> **Task instructions**
From the line containing "Piraeus Lux Secret Apartman Kültér fotó" onward to the last line of the data below, copy each line exactly and add nothing.

> **Exercise materials**
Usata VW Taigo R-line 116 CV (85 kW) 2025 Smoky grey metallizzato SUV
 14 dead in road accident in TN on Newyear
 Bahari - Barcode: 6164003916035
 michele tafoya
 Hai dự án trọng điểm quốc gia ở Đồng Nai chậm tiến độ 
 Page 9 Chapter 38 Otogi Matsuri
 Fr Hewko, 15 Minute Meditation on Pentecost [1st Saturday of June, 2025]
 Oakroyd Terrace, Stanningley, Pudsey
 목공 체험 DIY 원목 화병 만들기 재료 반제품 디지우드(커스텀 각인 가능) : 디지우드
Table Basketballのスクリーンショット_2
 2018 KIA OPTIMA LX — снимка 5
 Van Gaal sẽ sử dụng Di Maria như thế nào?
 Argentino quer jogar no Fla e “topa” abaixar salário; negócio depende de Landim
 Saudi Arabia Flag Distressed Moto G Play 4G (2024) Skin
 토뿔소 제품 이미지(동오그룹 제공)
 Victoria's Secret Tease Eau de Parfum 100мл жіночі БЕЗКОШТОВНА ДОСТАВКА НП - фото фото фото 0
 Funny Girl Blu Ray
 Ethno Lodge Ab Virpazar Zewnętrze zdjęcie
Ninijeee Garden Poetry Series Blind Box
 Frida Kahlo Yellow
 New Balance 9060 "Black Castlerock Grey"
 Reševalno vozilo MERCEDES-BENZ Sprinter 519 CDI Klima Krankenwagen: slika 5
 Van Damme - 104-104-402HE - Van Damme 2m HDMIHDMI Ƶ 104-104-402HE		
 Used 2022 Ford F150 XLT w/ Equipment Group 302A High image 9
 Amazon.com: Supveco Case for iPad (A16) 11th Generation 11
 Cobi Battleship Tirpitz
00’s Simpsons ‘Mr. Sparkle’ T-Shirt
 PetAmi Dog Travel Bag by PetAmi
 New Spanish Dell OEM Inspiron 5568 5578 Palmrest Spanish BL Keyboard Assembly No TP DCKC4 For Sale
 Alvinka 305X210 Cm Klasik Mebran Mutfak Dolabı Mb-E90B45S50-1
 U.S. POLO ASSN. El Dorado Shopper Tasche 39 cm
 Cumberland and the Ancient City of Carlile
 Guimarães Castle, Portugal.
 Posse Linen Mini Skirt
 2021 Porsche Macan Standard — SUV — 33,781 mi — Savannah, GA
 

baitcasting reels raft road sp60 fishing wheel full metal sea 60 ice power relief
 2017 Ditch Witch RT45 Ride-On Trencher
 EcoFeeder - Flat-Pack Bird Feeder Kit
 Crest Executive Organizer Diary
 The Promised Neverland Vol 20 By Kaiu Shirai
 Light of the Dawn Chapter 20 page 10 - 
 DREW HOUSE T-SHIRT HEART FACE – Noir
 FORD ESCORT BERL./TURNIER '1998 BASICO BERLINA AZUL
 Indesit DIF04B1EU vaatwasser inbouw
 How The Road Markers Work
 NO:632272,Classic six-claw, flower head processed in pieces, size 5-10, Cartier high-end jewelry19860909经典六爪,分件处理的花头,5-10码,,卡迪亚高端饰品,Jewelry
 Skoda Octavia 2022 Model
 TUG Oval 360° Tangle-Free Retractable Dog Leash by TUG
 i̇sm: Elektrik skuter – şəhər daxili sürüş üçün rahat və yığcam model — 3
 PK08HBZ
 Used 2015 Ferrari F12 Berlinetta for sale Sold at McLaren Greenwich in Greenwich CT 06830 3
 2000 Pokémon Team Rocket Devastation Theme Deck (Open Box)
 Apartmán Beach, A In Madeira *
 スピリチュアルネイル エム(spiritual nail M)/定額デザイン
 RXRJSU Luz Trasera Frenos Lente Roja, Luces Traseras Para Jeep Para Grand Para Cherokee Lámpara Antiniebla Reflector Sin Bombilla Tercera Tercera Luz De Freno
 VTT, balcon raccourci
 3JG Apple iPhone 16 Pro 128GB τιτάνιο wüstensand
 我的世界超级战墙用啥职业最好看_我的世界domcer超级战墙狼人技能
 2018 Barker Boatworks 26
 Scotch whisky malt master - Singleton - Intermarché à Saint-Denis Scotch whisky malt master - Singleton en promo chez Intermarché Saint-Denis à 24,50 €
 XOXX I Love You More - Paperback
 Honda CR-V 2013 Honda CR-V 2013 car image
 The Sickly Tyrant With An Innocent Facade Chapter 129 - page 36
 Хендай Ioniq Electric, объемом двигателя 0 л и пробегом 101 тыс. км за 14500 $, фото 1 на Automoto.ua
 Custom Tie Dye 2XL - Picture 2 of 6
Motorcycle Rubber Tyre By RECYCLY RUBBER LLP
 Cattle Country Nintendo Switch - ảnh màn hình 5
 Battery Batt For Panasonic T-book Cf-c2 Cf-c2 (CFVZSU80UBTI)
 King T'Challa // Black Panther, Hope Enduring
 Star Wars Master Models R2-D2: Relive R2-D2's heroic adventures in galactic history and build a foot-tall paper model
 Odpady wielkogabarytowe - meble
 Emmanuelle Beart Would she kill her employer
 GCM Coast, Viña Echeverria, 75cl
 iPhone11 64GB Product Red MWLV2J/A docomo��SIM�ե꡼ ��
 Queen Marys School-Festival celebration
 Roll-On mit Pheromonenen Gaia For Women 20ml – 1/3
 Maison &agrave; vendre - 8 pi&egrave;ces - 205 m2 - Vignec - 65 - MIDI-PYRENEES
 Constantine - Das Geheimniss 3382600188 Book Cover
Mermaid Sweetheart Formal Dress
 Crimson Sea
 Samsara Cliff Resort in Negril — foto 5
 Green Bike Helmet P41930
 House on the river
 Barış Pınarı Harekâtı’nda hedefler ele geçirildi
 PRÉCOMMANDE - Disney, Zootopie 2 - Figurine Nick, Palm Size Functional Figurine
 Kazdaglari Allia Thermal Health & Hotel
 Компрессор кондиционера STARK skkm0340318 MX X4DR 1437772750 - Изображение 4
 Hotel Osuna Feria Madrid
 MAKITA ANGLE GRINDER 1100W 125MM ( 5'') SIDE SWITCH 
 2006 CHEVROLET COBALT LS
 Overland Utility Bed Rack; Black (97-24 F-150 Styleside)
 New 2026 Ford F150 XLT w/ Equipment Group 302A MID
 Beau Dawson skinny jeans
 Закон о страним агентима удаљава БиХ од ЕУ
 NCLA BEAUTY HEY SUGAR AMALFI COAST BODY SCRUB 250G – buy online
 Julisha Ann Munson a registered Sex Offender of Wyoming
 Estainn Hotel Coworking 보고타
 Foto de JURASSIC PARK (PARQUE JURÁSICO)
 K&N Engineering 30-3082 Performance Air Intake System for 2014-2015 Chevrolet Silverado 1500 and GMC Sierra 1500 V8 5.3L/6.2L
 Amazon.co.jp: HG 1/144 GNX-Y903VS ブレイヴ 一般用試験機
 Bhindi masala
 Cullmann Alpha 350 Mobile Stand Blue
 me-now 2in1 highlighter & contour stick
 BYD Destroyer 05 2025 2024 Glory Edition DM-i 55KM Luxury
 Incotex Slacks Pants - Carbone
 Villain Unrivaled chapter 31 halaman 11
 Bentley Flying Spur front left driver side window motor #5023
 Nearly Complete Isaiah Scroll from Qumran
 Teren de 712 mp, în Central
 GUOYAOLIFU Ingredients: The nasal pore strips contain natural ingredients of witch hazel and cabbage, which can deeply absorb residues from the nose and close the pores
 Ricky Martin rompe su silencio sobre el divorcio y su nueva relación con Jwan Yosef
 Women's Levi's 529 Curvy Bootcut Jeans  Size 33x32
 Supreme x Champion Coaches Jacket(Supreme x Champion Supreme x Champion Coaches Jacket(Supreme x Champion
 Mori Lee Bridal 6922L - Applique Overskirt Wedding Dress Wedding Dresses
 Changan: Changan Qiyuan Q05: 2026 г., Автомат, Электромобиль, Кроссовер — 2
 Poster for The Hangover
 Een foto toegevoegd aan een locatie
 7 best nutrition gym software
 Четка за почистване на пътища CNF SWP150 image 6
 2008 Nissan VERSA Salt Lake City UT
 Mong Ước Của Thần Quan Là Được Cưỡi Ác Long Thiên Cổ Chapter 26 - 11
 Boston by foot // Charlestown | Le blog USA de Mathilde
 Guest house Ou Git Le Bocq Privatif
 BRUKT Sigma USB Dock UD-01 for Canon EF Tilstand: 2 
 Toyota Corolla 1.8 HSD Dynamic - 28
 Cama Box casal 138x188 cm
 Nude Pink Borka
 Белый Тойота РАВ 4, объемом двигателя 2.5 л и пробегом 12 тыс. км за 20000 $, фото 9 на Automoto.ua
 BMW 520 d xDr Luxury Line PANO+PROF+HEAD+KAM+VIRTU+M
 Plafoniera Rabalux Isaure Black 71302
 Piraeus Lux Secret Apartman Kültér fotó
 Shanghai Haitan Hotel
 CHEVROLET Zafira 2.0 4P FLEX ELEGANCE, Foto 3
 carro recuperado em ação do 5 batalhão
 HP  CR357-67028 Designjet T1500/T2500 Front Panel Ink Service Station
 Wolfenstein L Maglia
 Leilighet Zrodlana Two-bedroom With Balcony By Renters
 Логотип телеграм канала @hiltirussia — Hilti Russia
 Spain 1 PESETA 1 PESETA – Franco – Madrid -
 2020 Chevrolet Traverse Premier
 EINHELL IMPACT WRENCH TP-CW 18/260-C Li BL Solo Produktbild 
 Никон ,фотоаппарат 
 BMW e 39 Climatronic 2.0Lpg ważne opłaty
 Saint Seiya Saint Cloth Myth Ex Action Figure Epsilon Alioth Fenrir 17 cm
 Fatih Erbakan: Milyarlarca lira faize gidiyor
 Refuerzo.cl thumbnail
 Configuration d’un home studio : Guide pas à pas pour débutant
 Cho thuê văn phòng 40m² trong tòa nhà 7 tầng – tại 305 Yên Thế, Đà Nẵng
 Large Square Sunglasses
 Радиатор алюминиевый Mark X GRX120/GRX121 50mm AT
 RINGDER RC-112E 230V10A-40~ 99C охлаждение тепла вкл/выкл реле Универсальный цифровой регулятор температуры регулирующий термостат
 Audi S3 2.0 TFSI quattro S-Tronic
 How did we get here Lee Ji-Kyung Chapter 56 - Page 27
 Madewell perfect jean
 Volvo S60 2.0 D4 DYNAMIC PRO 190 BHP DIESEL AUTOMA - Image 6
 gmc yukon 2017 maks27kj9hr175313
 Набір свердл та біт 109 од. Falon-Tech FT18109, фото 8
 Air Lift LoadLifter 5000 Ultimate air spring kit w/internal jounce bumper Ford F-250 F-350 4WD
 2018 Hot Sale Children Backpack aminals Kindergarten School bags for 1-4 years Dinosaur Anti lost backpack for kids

> **Answer to this exercise**
 Piraeus Lux Secret Apartman Kültér fotó
 Shanghai Haitan Hotel
 CHEVROLET Zafira 2.0 4P FLEX ELEGANCE, Foto 3
 carro recuperado em ação do 5 batalhão
 HP  CR357-67028 Designjet T1500/T2500 Front Panel Ink Service Station
 Wolfenstein L Maglia
 Leilighet Zrodlana Two-bedroom With Balcony By Renters
 Логотип телеграм канала @hiltirussia — Hilti Russia
 Spain 1 PESETA 1 PESETA – Franco – Madrid -
 2020 Chevrolet Traverse Premier
 EINHELL IMPACT WRENCH TP-CW 18/260-C Li BL Solo Produktbild 
 Никон ,фотоаппарат 
 BMW e 39 Climatronic 2.0Lpg ważne opłaty
 Saint Seiya Saint Cloth Myth Ex Action Figure Epsilon Alioth Fenrir 17 cm
 Fatih Erbakan: Milyarlarca lira faize gidiyor
 Refuerzo.cl thumbnail
 Configuration d’un home studio : Guide pas à pas pour débutant
 Cho thuê văn phòng 40m² trong tòa nhà 7 tầng – tại 305 Yên Thế, Đà Nẵng
 Large Square Sunglasses
 Радиатор алюминиевый Mark X GRX120/GRX121 50mm AT
 RINGDER RC-112E 230V10A-40~ 99C охлаждение тепла вкл/выкл реле Универсальный цифровой регулятор температуры регулирующий термостат
 Audi S3 2.0 TFSI quattro S-Tronic
 How did we get here Lee Ji-Kyung Chapter 56 - Page 27
 Madewell perfect jean
 Volvo S60 2.0 D4 DYNAMIC PRO 190 BHP DIESEL AUTOMA - Image 6
 gmc yukon 2017 maks27kj9hr175313
 Набір свердл та біт 109 од. Falon-Tech FT18109, фото 8
 Air Lift LoadLifter 5000 Ultimate air spring kit w/internal jounce bumper Ford F-250 F-350 4WD
 2018 Hot Sale Children Backpack aminals Kindergarten School bags for 1-4 years Dinosaur Anti lost backpack for kids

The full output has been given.